Drug detection & analysis answers
Answers to questions on Drug detection and analysis
Answers to Drug detection & analysis questions
1. (a) Morphine will show a strong broad absorption between 3200 and 3600 cm-1 due to the two –OH groups which will be absent in heroin. Heroin will show two sharp absorptions in the 1700-1750 cm-1 region due to the C=O absorption in the two ester groups.
(b) Aspirin will show two absorptions in the 1700-1750 cm-1 region as it has two groups that contain C=O whereas ibuprofen will only have one.
2. (a) An ideal solution is one that obeys Raoult’s law.
(b) The mole fraction of a component is equal to the number of moles of the component in a mixture divided by the total number of moles of all the components in the mixture.
(c) When a mixture boils the vapour will be richer in the more volatile component present in the mixture. If the vapour is then condensed the new liquid formed will be richer in the more volatile component. By repeatedly boiling and condensing the mixture the vapour will eventually just consist of the more volatile component, which will condense to give the pure component – a process known as fractional distillation.
3. (a) 14.03 g mol-1 (one –H has been substituted by a –CH3 group).

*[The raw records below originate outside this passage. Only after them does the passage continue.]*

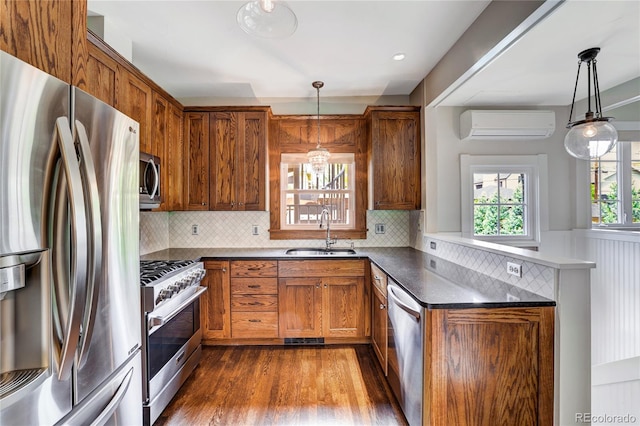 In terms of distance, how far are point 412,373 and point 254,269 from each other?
174cm

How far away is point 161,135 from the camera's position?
→ 2.72 meters

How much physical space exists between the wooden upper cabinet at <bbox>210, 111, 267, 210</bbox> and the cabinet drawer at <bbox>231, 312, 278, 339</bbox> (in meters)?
1.10

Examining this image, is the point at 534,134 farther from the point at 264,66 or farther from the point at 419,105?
the point at 264,66

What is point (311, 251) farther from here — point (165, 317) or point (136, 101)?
point (136, 101)

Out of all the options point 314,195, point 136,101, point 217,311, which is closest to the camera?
point 136,101

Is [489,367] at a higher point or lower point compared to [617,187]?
lower

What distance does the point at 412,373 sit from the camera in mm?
1634

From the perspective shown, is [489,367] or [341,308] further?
[341,308]

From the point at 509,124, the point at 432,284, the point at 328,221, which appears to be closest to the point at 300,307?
the point at 328,221

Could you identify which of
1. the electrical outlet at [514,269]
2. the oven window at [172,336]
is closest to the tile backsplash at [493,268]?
the electrical outlet at [514,269]

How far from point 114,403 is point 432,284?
1.67 meters

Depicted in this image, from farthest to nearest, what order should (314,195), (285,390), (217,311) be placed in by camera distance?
(314,195), (217,311), (285,390)

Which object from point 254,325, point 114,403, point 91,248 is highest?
point 91,248

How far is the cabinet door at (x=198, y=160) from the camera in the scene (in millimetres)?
3164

(b) The urine is injected into a gas-liquid chromatography machine and carried by an inert gas through the heated liquid stationary phase (e.g. a long-chain alkane) coated onto a solid support in a long thin capillary tube contained inside an oven. This process separates the components. As the different components are eluted at the end of the column they are passed into a mass spectrometer. The mass spectrum for each component is compared with the spectra of known compounds and a printout obtained of all the separate compounds and their concentrations in the urine is produced.
4. (a) Ephedrone contains a carbonyl (ketone) functional group and ephedrine contains a hydroxyl functional group.

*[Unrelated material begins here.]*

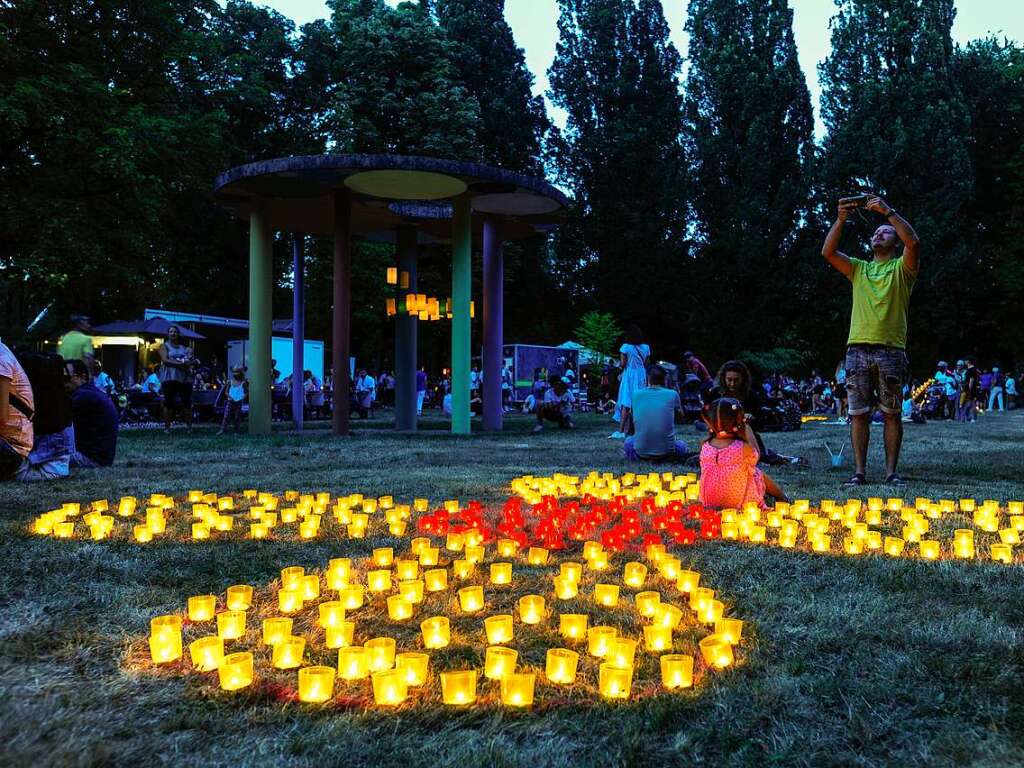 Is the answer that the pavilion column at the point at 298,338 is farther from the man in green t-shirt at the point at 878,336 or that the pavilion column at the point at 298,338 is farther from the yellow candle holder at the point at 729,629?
the yellow candle holder at the point at 729,629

(b) Ephedrine contains two chiral carbon atoms so can form stereoisomers which are not mirror images of each other whereas both methamphetamine and ephedrine only contain one chiral carbon atom.
(c) The –CH3 group attached to the N atom will give a singlet whereas the –CH3 group attached to the carbon atom bonded to a hydrogen atom will be split into a doublet. This is because the small magnetic field created by the hydrogen nucleus can either be lined up with the external magnetic field or against it.
(d) Methamphetamine will give 6 signals in the ratio 1:1:2:3:3:5. Ephedrone will give 5 signals in the ratio 1:1:3:3:5 and ephedrine will give 7 signals in the ratio 1:1:1,1:3:3:5. So, in fact, they can be distinguished just from the number of signals they show.
(e) Ephedrone will have an sharp strong absorption at 1700-1750 cm-1 due to the C=O group which will be absent in the other two compounds and ephedrine will have a strong broad absorption at 3200-3600 cm-1 due to the OH group which will be absent in the other two compounds. All three will show a difference in the fingerprint region.
5. (a) The green colour is due to the formation of chromium(III) ions.
Cr2O72-(aq) + 14H+(aq) + 6e− → 2Cr3+(aq) + 7H2O(l)
C2H5OH(aq) + H2O(l) → CH3COOH(aq) + 4H+(aq) + 4e−
Overall equation:
2Cr2O72-(aq) + 3C2H5OH(aq) + 16H+(aq) → 4Cr3+(aq) + 3CH3COOH(aq) + 11H2O(l)
(b) O2(g) + 4H+(aq) + 4e− → 2H2O(l)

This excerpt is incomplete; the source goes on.